6. En deuxième lieu, aux termes des trois premiers alinéas de l'article L. 211-2 du code des relations entre le public et l'administration : " Les personnes physiques ou morales ont le droit d'être informées sans délai des motifs des décisions administratives individuelles défavorables qui les concernent. / A cet effet, doivent être motivées les décisions qui : / 1° Restreignent l'exercice des libertés publiques ou, de manière générale, constituent une mesure de police ; ". Aux termes de l'article L. 211-5 du même code : " La motivation exigée par le présent chapitre doit être écrite et comporter l'énoncé des considérations de droit et de fait qui constituent le fondement de la décision. ".

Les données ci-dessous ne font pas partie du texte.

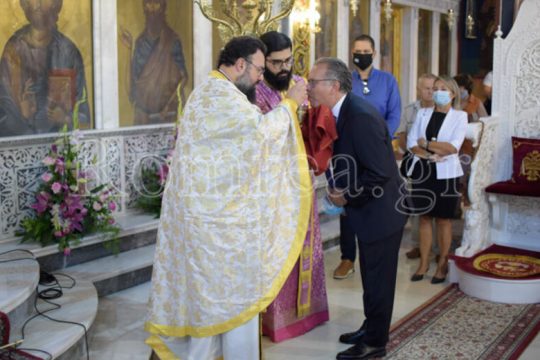 Η ατομική ευθύνη είναι για όλους τους άλλους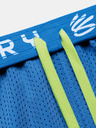 Under Armour Férfi rövidnadrágok Under Armour Curry Splash 9'' Short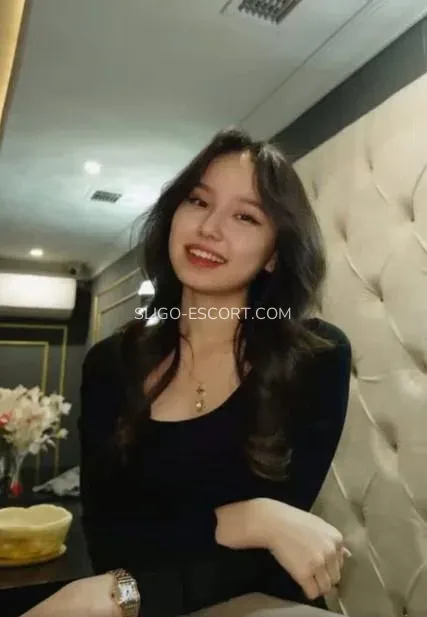 Sligo escort Monica — 5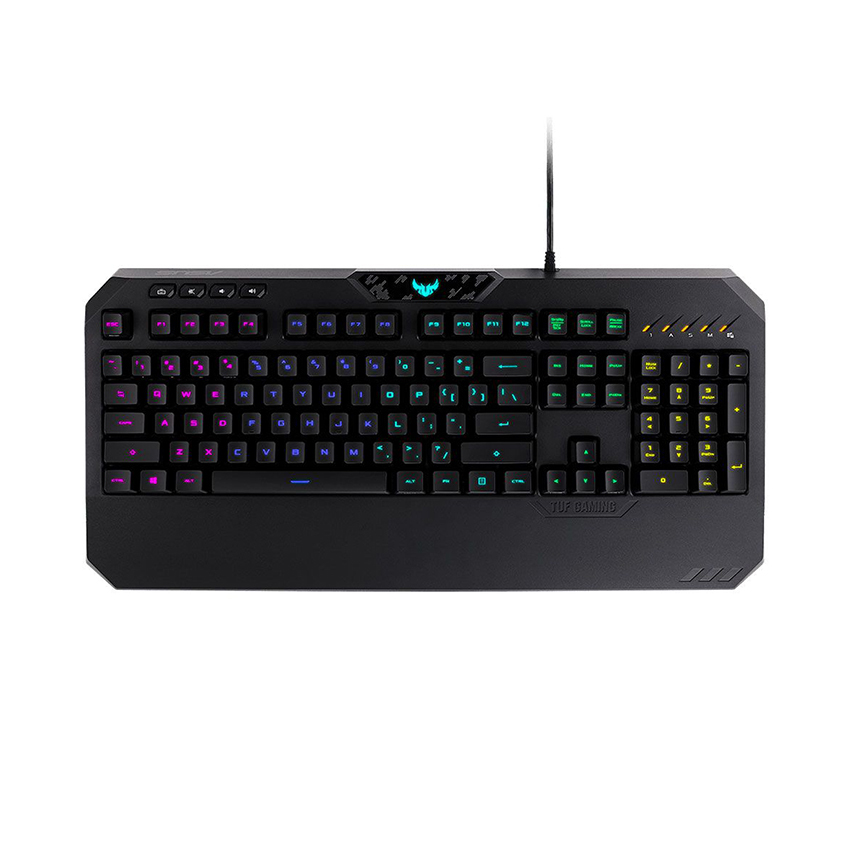 Bàn phím - Keyboard Asus Tuf Gaming K5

7. Il ressort des termes mêmes de la décision attaquée qu'elle est motivée en droit par la citation de l'article 47 du code civil et par la mention du décret n° 55-1397 du 22 octobre 1955 instituant la carte nationale d'identité et du décret n° 2005-1726 du 30 décembre 2005 relatif aux passeports, et en fait par les circonstances selon lesquelles l'acte de naissance produit par M. A est réputé non-conforme au regard de la loi comorienne sur l'état civil, en particulier ses articles 10, 16 et 33, dont les dispositions pertinentes en l'espèce sont rappelées, et ces non-conformités génèrent un doute sérieux sur son identité et sur la réalité de sa filiation. Dès lors, la décision attaquée comporte l'énoncé des considérations de droit et de fait qui en constituent le fondement. Par suite, le moyen tiré du défaut de motivation, qui manque en fait, doit, pour ce motif, être écarté.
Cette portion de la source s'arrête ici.